Pour traiter le problème de l'endogénéité, nous avons deux approches. Il y a endogénéité car les banques centrales interviennent presque toujours en réaction au mouvements du marché. Il est donc difficile de savoir si les mouvements de marché sont dus à des nouvelles de marché ou à l'action de la banque centrale. Pour résoudre ce problème, nous adoptons d'abord deux approches de variables instrumentales (IV).
Une approche IV tire parti de l'objectif de taux de change explicite de la Banque d'Angleterre durant Bretton Woods, et utilise la distance au carré du taux de change avec les limites officielles du taux de change. Cet instrument est motivé par le fait que les opérateurs travaillant pour la Banque d'Angleterre, qui étaient chargés d'intervenir, auraient pu être plus prompts à agir si le taux de change s'était éloigné de la cible du taux officiel.
Nous explorons également une deuxième approche IV en utilisant les réserves d'or décalées comme variable instrumentale pour les interventions. L'hypothèse d'identification est que les réserves d'or reflètent l'historique complet des décisions d'intervention. Elles sont donc relativement orthogonales aux développements actuels des marchés financiers. Nous obtenons des résultats similaires (estimations du même signe et de la même ampleur) mais des estimations beaucoup moins précises en raison de la faible puissance de la première étape de l’IV.

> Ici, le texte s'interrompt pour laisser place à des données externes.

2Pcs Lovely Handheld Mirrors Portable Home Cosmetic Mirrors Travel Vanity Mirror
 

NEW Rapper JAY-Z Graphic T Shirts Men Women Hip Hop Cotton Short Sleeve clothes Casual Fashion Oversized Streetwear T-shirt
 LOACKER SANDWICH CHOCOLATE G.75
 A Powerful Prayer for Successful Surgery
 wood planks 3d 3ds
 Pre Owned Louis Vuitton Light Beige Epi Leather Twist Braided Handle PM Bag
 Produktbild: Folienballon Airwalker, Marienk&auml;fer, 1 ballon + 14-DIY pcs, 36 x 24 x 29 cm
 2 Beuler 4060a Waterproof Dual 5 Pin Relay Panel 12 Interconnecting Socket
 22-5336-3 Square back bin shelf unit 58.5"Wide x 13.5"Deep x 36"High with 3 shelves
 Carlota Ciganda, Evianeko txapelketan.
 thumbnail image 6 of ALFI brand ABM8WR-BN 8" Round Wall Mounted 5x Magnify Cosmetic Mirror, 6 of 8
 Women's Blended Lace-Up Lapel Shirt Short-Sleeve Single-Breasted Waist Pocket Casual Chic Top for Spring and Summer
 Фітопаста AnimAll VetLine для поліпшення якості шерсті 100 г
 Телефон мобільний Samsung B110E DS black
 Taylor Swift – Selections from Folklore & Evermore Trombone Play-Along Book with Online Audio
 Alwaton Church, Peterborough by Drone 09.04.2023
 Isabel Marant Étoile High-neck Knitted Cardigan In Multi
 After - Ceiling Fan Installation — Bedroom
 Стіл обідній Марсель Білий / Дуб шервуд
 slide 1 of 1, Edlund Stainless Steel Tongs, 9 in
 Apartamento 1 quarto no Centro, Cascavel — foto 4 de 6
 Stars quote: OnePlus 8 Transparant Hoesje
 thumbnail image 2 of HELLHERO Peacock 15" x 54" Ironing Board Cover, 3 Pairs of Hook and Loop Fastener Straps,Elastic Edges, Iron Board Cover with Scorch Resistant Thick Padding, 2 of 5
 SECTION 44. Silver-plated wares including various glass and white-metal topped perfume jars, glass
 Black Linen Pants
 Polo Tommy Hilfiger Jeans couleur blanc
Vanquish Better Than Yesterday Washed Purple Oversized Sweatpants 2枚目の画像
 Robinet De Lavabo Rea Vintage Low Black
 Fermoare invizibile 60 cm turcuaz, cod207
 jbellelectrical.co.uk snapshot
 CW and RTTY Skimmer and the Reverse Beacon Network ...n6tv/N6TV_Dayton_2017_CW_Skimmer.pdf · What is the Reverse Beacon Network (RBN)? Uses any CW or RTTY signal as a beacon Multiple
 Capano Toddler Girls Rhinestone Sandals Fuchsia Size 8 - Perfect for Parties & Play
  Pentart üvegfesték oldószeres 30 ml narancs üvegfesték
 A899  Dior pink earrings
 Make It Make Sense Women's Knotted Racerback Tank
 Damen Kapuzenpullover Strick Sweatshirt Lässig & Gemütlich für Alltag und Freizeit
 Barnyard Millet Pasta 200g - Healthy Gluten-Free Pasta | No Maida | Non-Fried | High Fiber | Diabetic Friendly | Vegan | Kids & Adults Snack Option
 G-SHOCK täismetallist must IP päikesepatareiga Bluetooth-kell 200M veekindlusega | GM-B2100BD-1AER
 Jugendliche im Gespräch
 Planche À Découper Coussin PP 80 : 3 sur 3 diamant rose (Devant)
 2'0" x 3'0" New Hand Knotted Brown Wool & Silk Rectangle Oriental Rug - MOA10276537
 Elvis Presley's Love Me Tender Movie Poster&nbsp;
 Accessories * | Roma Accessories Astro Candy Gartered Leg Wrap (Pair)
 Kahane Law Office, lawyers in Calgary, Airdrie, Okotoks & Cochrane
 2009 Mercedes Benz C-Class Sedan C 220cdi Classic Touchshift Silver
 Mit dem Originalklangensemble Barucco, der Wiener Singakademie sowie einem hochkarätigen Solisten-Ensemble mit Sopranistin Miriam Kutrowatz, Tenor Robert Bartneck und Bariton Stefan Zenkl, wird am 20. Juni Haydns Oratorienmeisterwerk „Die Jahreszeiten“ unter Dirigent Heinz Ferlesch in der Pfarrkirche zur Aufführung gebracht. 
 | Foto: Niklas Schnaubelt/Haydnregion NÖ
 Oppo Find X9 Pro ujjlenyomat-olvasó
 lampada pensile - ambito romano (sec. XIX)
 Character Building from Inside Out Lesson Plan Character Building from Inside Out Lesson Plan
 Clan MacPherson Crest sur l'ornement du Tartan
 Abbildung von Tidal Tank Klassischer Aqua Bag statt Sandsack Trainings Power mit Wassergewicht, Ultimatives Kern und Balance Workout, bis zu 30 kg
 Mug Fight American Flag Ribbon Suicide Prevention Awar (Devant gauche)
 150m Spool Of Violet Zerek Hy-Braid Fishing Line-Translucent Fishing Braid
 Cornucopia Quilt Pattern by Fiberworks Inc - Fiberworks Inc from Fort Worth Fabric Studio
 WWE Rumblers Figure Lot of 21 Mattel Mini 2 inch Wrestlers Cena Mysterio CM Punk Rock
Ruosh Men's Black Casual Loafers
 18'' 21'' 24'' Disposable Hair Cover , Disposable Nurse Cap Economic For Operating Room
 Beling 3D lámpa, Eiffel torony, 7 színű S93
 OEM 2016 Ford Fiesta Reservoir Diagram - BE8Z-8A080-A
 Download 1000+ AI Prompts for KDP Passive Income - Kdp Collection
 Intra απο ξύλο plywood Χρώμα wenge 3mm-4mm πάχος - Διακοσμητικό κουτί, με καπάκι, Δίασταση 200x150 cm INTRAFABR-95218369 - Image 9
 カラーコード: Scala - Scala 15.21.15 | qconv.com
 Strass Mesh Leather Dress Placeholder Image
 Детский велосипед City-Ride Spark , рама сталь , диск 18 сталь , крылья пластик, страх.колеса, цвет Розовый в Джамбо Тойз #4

Enfin, en plus de ces deux stratégies IV, nous adoptons également une approche qui identifie les chocs exogènes à l'intervention comme des déviations d'une règle de politique monétaire estimée via un opérateur adaptatif « lasso » (pour « least absolute shrinkage and selection operator »). Les déviations par rapport à cette règle peuvent être interprétées comme des chocs exogènes à l'intervention, mais seulement si nous pouvons affirmer que les déviations ne sont pas prises en réponse aux développements actuels des marchés financiers. Pour ce faire, nous limitons notre attention aux déviations qui se produisent lors des jours fériés spécifiques au Royaume-Uni, pendant lesquels la Banque d'Angleterre est fermée (et n'intervient presque jamais) tandis que la livre continue de s'échanger à New York, à Zurich et sur d'autres marchés mondiaux des devises.